Oct. 6 (Bloomberg) -- Japan's stocks dropped, driving the Topix index below 1,000 points for the first time since December 2003, after the global credit crisis deepened in Europe and the yen jumped, cutting the value of overseas sales.

Mitsubishi UFJ Financial Group Inc. plunged 9.2 percent after Germany agreed to rescue Hypo Real Estate Holding AG and BNP Paribas SA said it will take control of Fortis in Belgium and Luxembourg.

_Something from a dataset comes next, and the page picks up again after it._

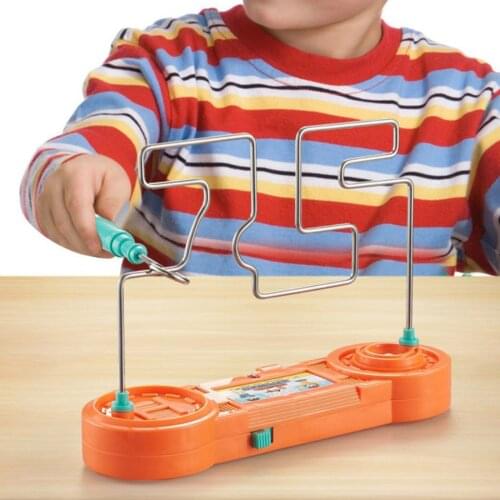Kids Education Collision Electric Shock Toy Physical Scientific Experiment Electric Touch Maze Game Educational Manual Toy jogos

Nintendo Co., which gets about 80 percent of its sales from overseas markets, lost 8.3 percent after the yen surged to its highest versus the euro since May 2006. Nippon Steel Corp. sank 7.8 percent on concern demand will wane.

``This is probably the worst market I've ever seen,'' said Hideo Arimura, who oversees the equivalent of $1.9 billion at Mizuho Asset Management Co. ``It's totally dark and there's nothing that prompts investors to buy stocks.''

The Topix fell 48.92, or 4.7 percent, to close at 999.05 in Tokyo. Only 93 of 1,714 members included in the index rose. The Nikkei 225 Stock Average declined 465.05, or 4.3 percent, to 10,473.09.

The Nikkei lost 8 percent last week, its biggest drop since August 2007, on concern the passage of a $700 billion bank bailout by the U.S. will fail to stimulate demand for Japan's exports. The benchmark is down 32 percent this year, set for its second straight annual drop.